The American Psychiatric Association permits a diagnosis of gender dysphoria if the criteria in the Diagnostic and Statistical Manual of Mental Disorders (5th Edition), or DSM-5, are met. The DSM-5 moved this diagnosis out of the sexual disorders category and into a category of its own, under pressure from LGBT activists and lobby groups. The change was not a scientific decision.[26] The DSM-5 states that at least two of the criteria for gender dysphoria must be experienced for at least six months' duration in adolescents or adults for diagnosis.[27] The diagnosis was renamed from "Gender Identity Disorder" to "Gender Dysphoria", after criticisms that the former term was stigmatizing.[28] Subtyping by sexual orientation was deleted. The diagnosis for children was separated from that for adults. The creation of a specific diagnosis for children reflects the lesser ability of children to have insight into what they are experiencing, or ability to express it in the event that they have insight.[29]
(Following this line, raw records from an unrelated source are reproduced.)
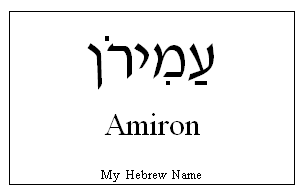 Amiron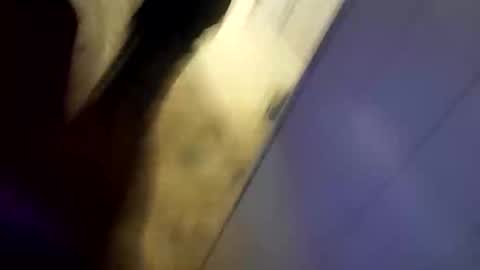 thebbc77 online show from November 26, 3:37 am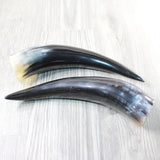2 Polished Cow Horns #4653 Natural colored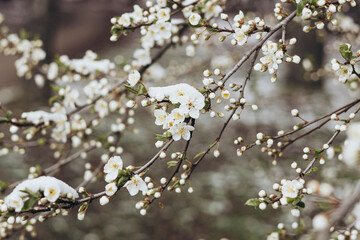 The branches of a tree blooming in spring are covered with snow.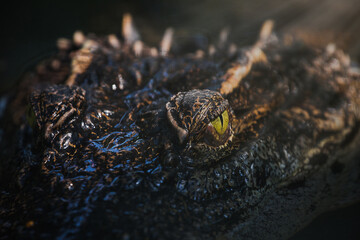 close up - crocodile or alligator eyes.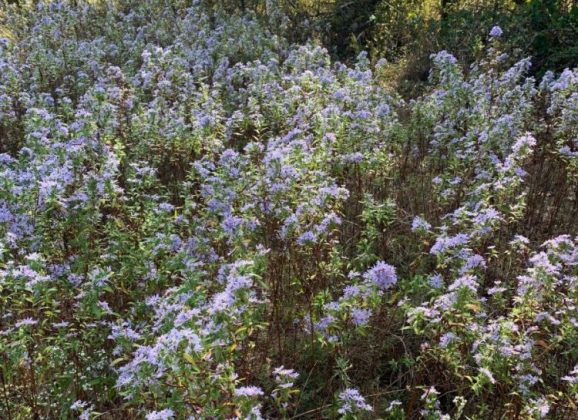 Spring Into Action by Planting Native Wildflower Seeds in the Fall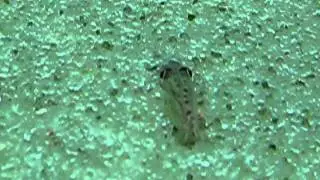 Acantopsis choirorhynchus (Horse-faced loach) - B&oacute;tia cara de cavalo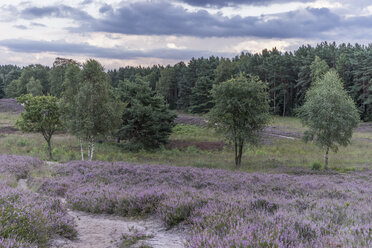 Deutschland, Niedersachsen, Gifhorn, Gifhorner Heide - PVCF000124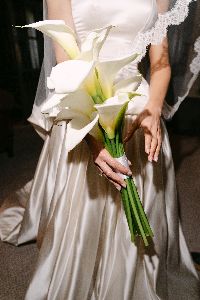 A bride holding a bouquet of white calla lilies
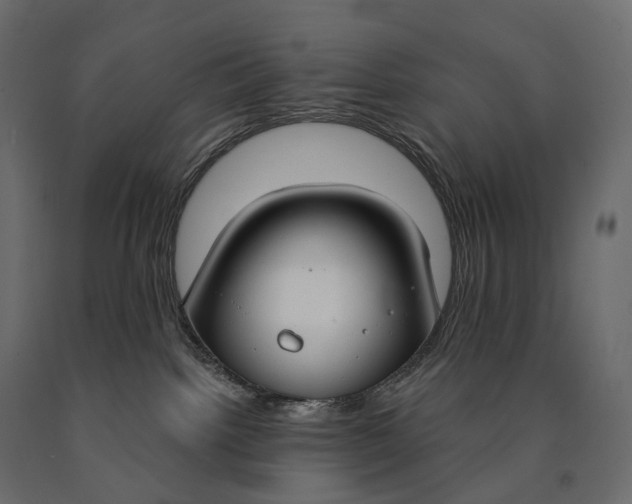 X0000090460092200708031251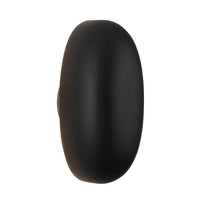 Perle 10-in Aluminum Steel Wall Sconce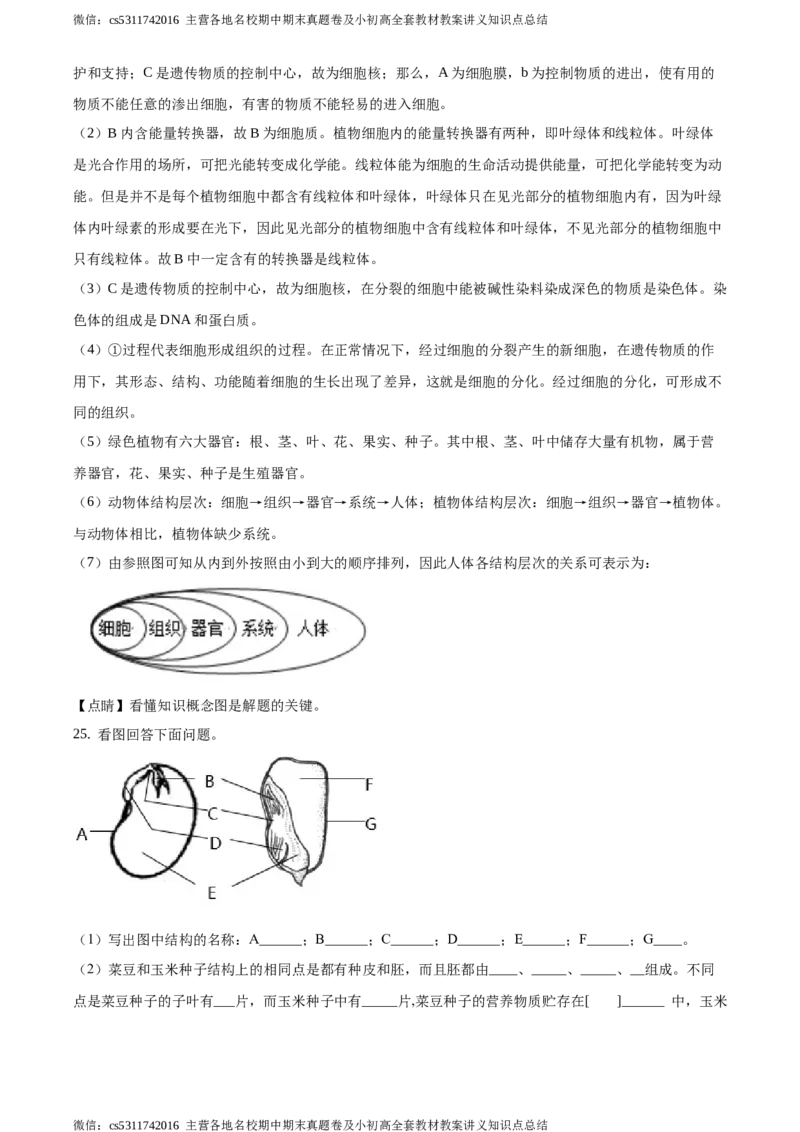 精品解析：北京市昌平区新学道临川学校2020-2021学年七年级12月月考生物试题（解析版）(1)_北京初中期末题_C605-京七八九_B京生物七八九_北京7上生物_2022-2024_北京生物7上月考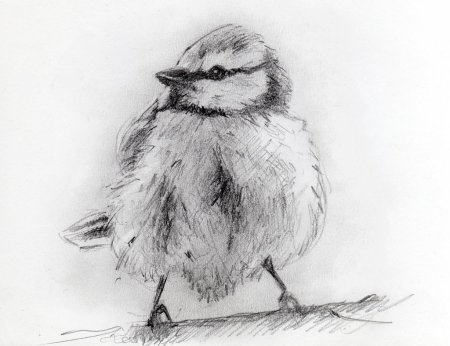Наброски и зарисовки птиц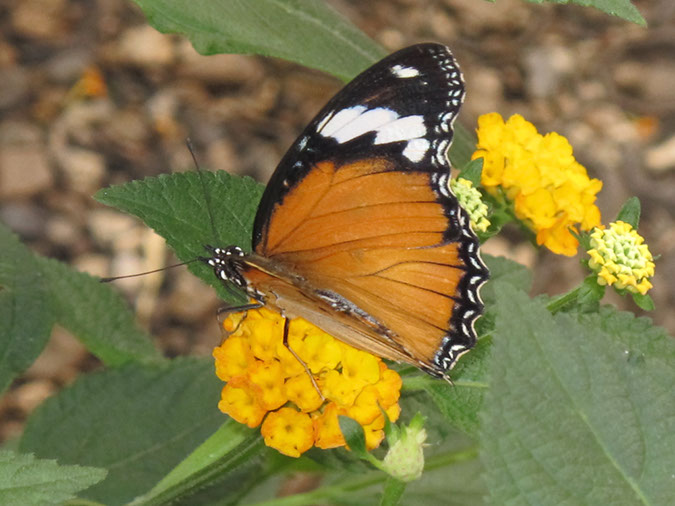 2013_jul_butterflies04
The International Classification of Diseases (ICD-10) list three diagnostic criteria for "transsexualism" (F64.0):[12] Uncertainty about gender identity which causes anxiety or stress is diagnosed as sexual maturation disorder, according to the ICD-10.[30]

Management

Treatment for a person diagnosed with GID may include psychotherapy or to support the individual's preferred gender through hormone therapy, gender expression and role, or surgery. This may include psychological counseling, resulting in lifestyle changes, or physical changes, resulting from medical interventions such as hormonal treatment, genital surgery, electrolysis or laser hair removal, chest/breast surgery, or other reconstructive surgeries. The goal of treatment may simply be to reduce problems resulting from the person's transgender status, for example, counseling the patient in order to reduce guilt associated with cross-dressing, or counseling a spouse to help them adjust to the patient's situation.[31]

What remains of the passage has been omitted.